AI-based separation of turbulence from coherent background flows in decaying hydrodynamic turbulence

TL;DR

This paper demonstrates that AI models trained on static images can effectively separate turbulence from background flows in decaying hydrodynamic turbulence simulations, even as turbulence weakens over time.

Contribution

It introduces a neural network approach trained on synthetic static images that robustly separates turbulent fluctuations from background flows in evolving turbulence simulations.

Findings

Successful turbulence separation during early and intermediate stages.

Model maintains plausible turbulence structures at late stages.

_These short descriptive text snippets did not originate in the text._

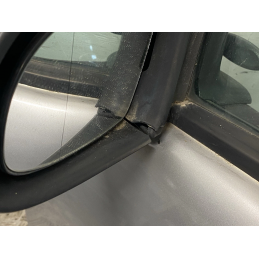 PORTA PORTIERA ANTERIORE SINISTRA OPEL TIGRA A GRIGIA 1994 2001 Usata  B2692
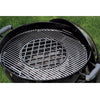 Weber Gourmet BBQ System Searing Grate 11.9 Inch Cast Iron Porcelain Enameled Round Insert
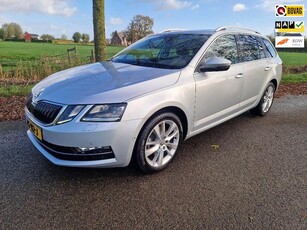 Skoda Octavia Combi 1.5 TSI Greentech Style Business, pano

Preserves inertial-range spectral scaling in recovered turbulence.

Abstract

Separating turbulent fluctuations from coherent large-scale background flows is a fundamental challenge in the analysis of numerical simulations and astronomical observations. Traditional approaches to this problem commonly rely on decomposition-based techniques, including scale-based filtering methods such as Fourier or wavelet transforms, as well as adaptive methods like the Hilbert-Huang transformation. In realistic flows, however, coherent motions and turbulent fluctuations often overlap across a broad range of scales and interact nonlinearly, rendering any clear and unique separation inherently ambiguous, particularly in astrophysical settings where data are projected or sparsely sampled. In this work, we assess the robustness of AI-based turbulence-background separation using two-dimensional incompressible Navier-Stokes simulations of decaying hydrodynamic turbulence. The simulations are initialized with a coherent background flow and divergence-free turbulent perturbations with a Kolmogorov-like power spectrum, and evolve without external forcing, providing a conservative physical testbed. A neural network trained exclusively on static synthetic images is applied to simulation snapshots at different evolutionary stages. We find that the model successfully recovers turbulent fluctuations during early and intermediate stages, when partial scale separation is preserved. At later stages, despite the substantial decay of turbulent energy and the resulting reduction in fluctuation strength, the model continues to recover visually and spectrally plausible turbulent structures and preserves inertial-range spectral scaling, demonstrating robust separation under increasingly challenging conditions. These results demonstrate the potential of applying AI models trained on static data to time-evolving turbulent flows, with direct implications for astrophysical and cosmological applications.